“Heading for home after a blistering week. And home is a vicious uncaring State suffocating from bad governance, misrule, poverty, predatory institutions and decayed infrastructure. This is what we will change in 2018,” People’s Democratic Party leader Tendai Biti, who has been on a tour of the United Kingdom with Movement for Democratic Change Alliance leader Nelson Chamisa, tweeted today.
According to today’s online edition of the once highly respected Newsweek international magazine, however, Biti believes it is too soon after the November “coup” to have real elections in Zimbabwe.
Robert Mugabe who was at the helm of the country since 1980, the first seven years as Prime Minister and the remainder as President was forced to step down after the military intervened to stop “criminals” who had infiltrated the Zimbabwe African National Union-Patriotic Front to destroy it from within.
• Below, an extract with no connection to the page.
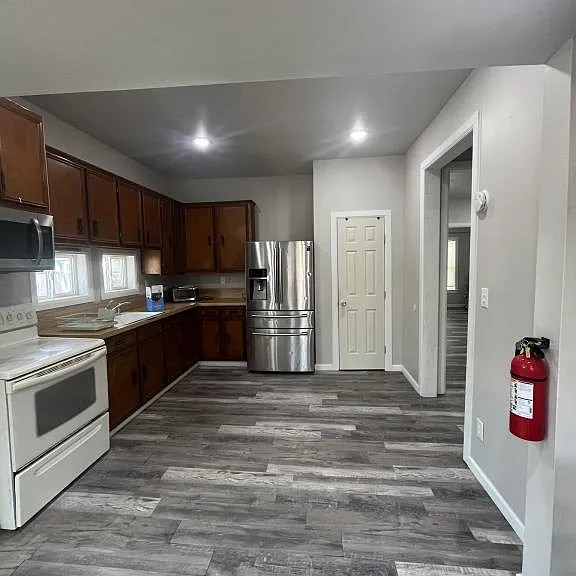 106 4th St #FRONT — Photo 5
“We are rushing into the next election without understanding what happened in November 2017,” Biti told Newsweek.
“How can we ever prevent that from happening again? You know from the state of Africa that once you have a coup, they tend to replicate.
“We need to implement political institutional reform to make sure that November 2017 doesn't happen again.
“I can tell you that that coup has become a copybook for the entire military in an already fragile region,” he said.
Zimbabwe is still to announce the date for the elections but constitutionally they just be held between 21 July and 21 August.
While most politicians are clamouring for President Emmerson Mnangagwa to proclaim the elections, constitutionally, he has up to 8 July to do so.
The earliest date on which he could have proclaimed the elections was 30 April.